Discount flyer ATA Airlines filed for bankruptcy, and the WSJ puts it on B1.
ATA Airlines Inc. grounded its planes, the latest sign of pain for the discount carriers that helped push the U.S. airline industry toward lower fares but now are being squeezed by soaring fuel prices and a slowing economy.
Their troubles could lead to big cutbacks in cheap seats and limit consumers’ ability to fly for the low prices they have come to expect. But fewer seats could also help the rest of the industry, including bigger rivals, raise fares to cover swelling fuel bills.
Apple became the biggest music seller in the world, overtaking Wal-Mart, the Los Angeles Times reports. It’s a landmark in the shift from hard copies to digital downloads.
“It’s a major milestone,” said Tom Adams, president of consulting firm Adams Media Research. “It is the first instance of an electronic venue surpassing a [bricks-and-mortar] retail venue for any kind of media delivery.”

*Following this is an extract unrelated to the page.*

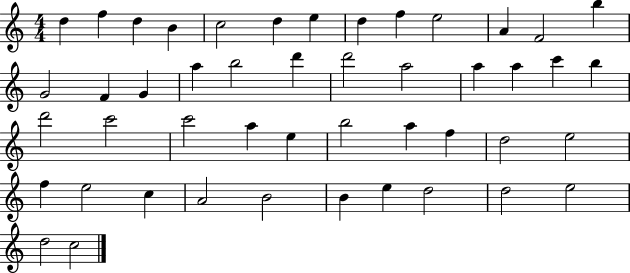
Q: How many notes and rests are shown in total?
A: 47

Larry Ellison, upstanding citizen
Bloomberg has a great report on Oracle CEO Larry Ellison, No. 14 on Forbes list of the richest people in the world, screwing over the kids to save a few bucks.

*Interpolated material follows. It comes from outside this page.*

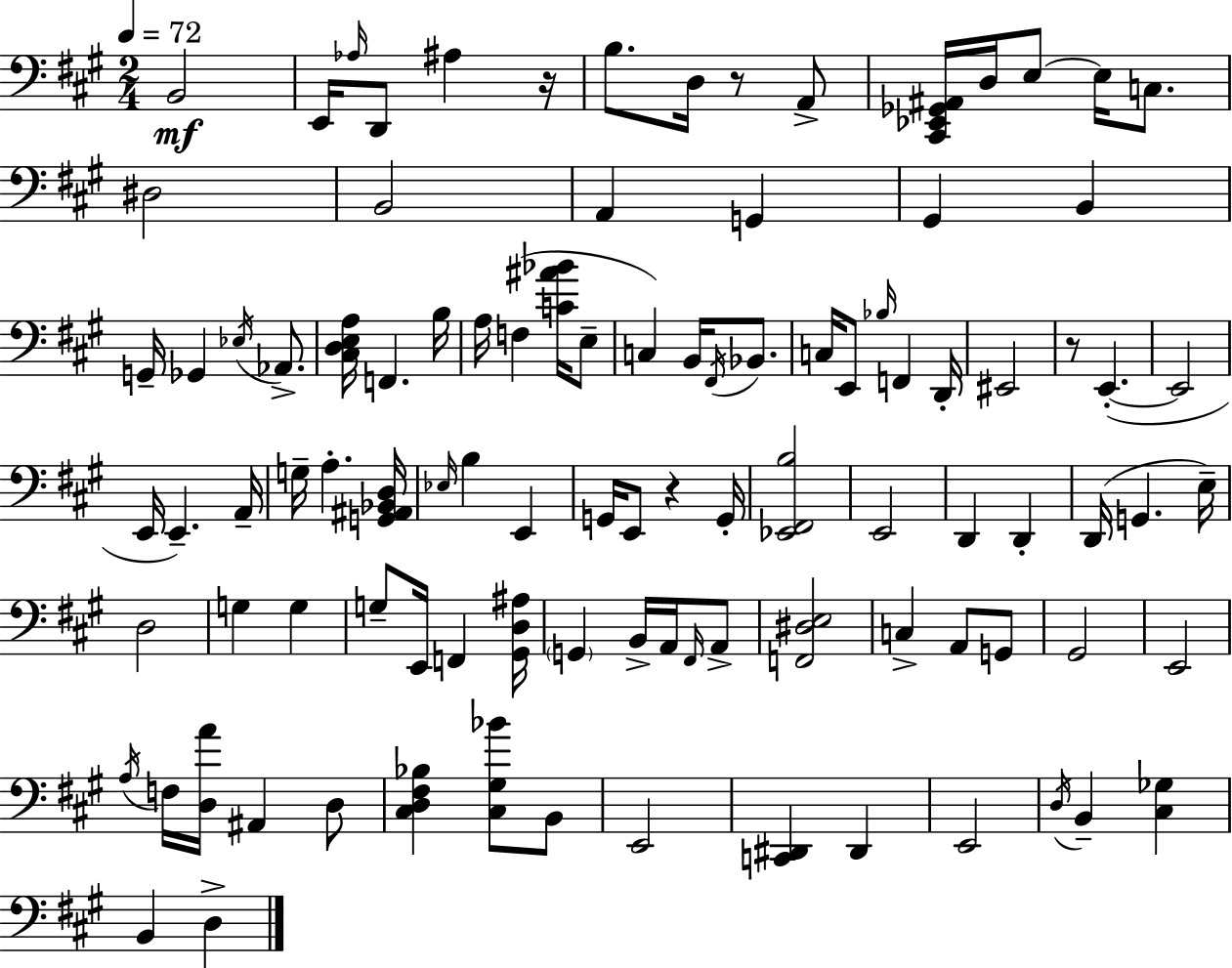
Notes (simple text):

Seems Ellison paid $200 million to build a house south of Frisco in the manner of a “16th-century Japanese emperor’s country house” and screamed because the county assessed its value at $166 million. Get this: he argues that it shouldn’t be assessed that high because “the property was so elaborate that no one else would pay that much for it.”
Two years later, Ellison wins his appeal, lowers his future tax bills, and gets $3 million in taxes back. That will shave 3 percent off the Portola Valley School District’s annual $10 million budget, which will have to cut six jobs. The Bloomberg report doesn’t quite spell it out, but it appears that the ruling dropped the value of the $200 million house to $66 million.
Ellison has a net worth of $25 billion. Dude has a 450-foot yacht.
The Journal writes on C2 that the $2.5 trillion asset-backed securities markets are showing “tentative signs of life.”
There is investor demand for new deals and supply has picked up. Last week alone, $4.6 billion in new offerings were sold, mainly offerings backed by credit cards and auto loans.
But the market still has a long way to go before a full recovery can be declared. Issuance has plummeted in the latest quarter and prices remain soft, as investors have turned selective, even on deals with top-notch credit rankings amid worries about the state of the consumer…
Asset-backed securities bundle consumer debt—such as car, home and student loans—into new securities with different risks and returns and then sell them to investors. In the first quarter of this year, securitization of such loans totaled $43 billion, a 75% drop from the year-earlier quarter, according to J.P. Morgan research.
If it’s not a false dawn, this would be big news— a sign that the financial crisis is finally easing somewhat.
John Reed’s regret
Contrition on Wall Street? John Reed, who along with Sandy Weill created the behemoth “financial services supermarket” Citigroup in 1998, now tells the Financial Times that deal was a mistake.
In a rare interview, Mr Reed said it was unclear whether the company’s model or its management deserved the greater share of blame for its problems. But he said Citigroup turned out to be a “sad story”.
“The specific merger transaction clearly has to be seen to have been a mistake,” Mr Reed said.
“The stockholders have not benefited, the employees certainly have not benefited and I don’t think the customers have benefited because our franchises are weaker than they have been.”